One of these new instruction set extensions, AVX, can handle 256-bit FP executions. However, there is no such thing as a 256-bit command. Single precision commands are 32-bit and double precision are 64-bit. With todays standard 128-bit FPUs, you execute four single precision commands or two double precision commands in parallel per cycle. With AVX you can double that, executing eight 32-bit commands or four 64-bit commands per cycle but only if your application supports AVX. If it doesnt support AVX, then that flashy new 256-bit FPU only executes in 128-bit mode (half the throughput). That is, unless you have a Flex FP.
In todays typical data center workloads, the bulk of the processing is integer and a smaller portion is floating point. So, in most cases you dont want one massive 256-bit floating point unit per core consuming all of that die space and all of that power just to sit around watching the integer cores do all of the heavy lifting. By sharing one 256-bit floating point unit per every 2 cores, AMD can keep die size and power consumption down, helping hold down both the acquisition cost and long-term management costs.
The Flex FP unit is built on two 128-bit FMAC units. The FMAC building blocks are quite robust on their own. Each FMAC can do an FMAC, FADD or a FMUL per cycle.

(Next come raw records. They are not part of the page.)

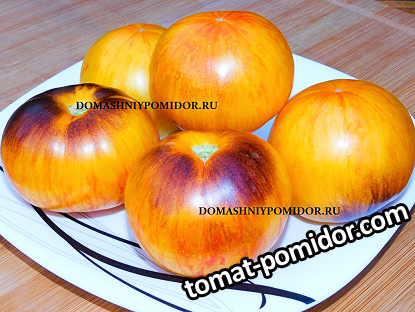 large.1028238587_1.png.3b3741853f050a9f91866d8a632f51c8.png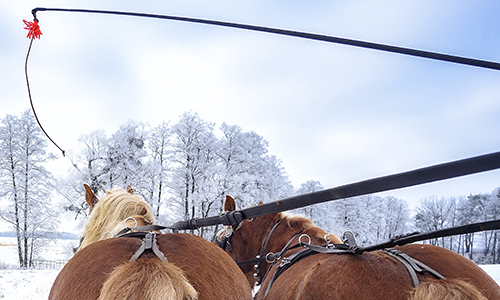 Auch heutzutage – in Zeiten von Klimaerwärmung und durchaus auch weniger schneereichen Wintern – ist eine Schlittenfahrt durch Masuren ein großer Spaß. Foto: © Cameris/Adobe Stock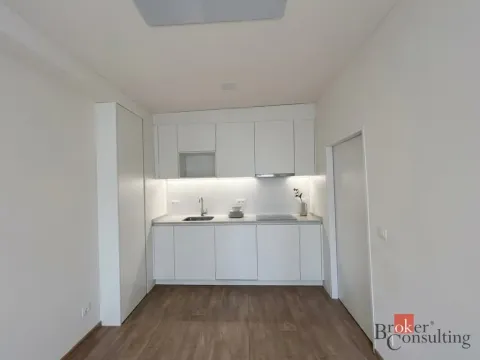 Pronájem bytu 1+kk, Ostrava - Zábřeh, Průkopnická, 33 m2
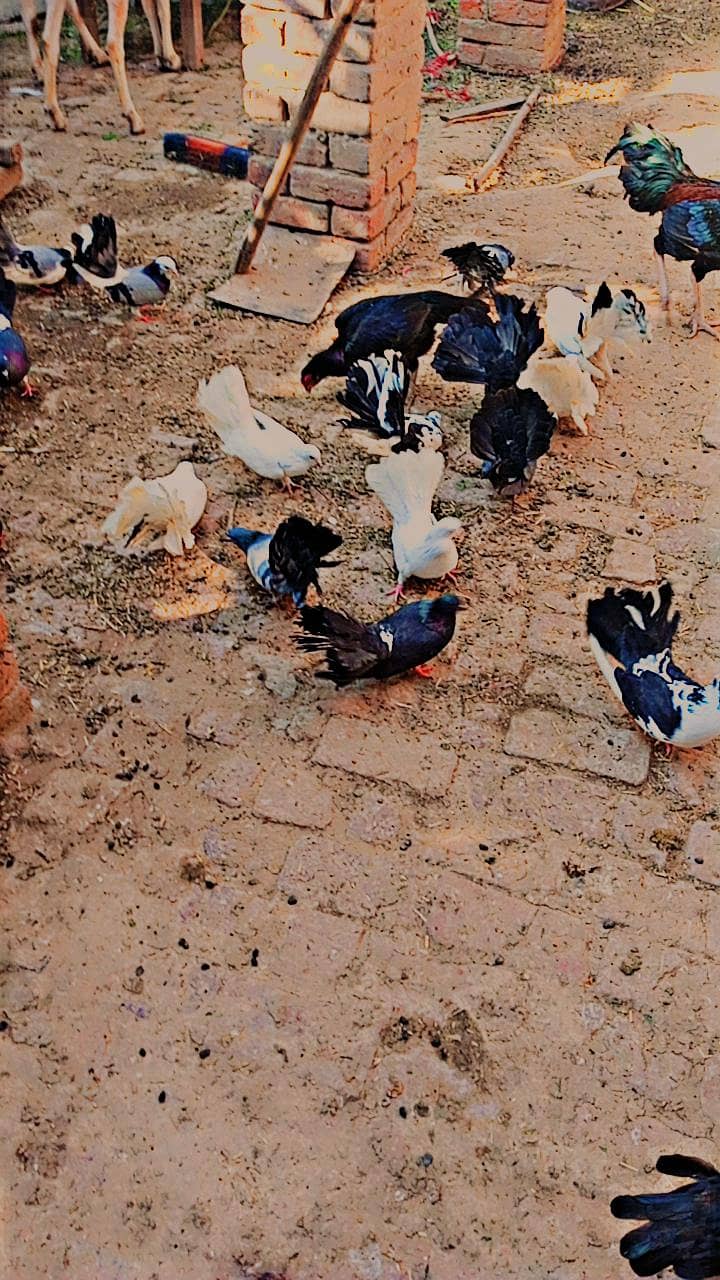 lucky kabooter full tyar ando k liya

                                                            alt=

"When you compare that competitive solutions that can only do an FADD on their single FADD pipe or an FMUL on their single FMUL pipe, you start to see the power of the Flex FP whether 128-bit or 256-bit, there is flexibility for your technical applications. With FMAC, the multiplication or addition commands dont start to stack up like a standard FMUL or FADD; there is flexibility to handle either math on either unit," said John Fruehe, the director of product marketing for server/workstation products at AMD.
Here are some additional benefits:
* Non-destructive DEST via FMA4 support (which helps reduce register pressure)
* Higher accuracy (via elimination of intermediate round step)
* Can accommodate FMUL OR FADD ops (if an app is FADD limited, then both FMACs can do FADDs, etc), which is a huge benefit
The new AES instructions allow hardware to accelerate the large base of applications that use this type of standard encryption (FIPS 197). The "Bulldozer" Flex FP is able to execute these instructions, which operate on 16 Bytes at a time, at a rate of 1 per cycle, which provides 2X more bandwidth than current offerings, AMD added.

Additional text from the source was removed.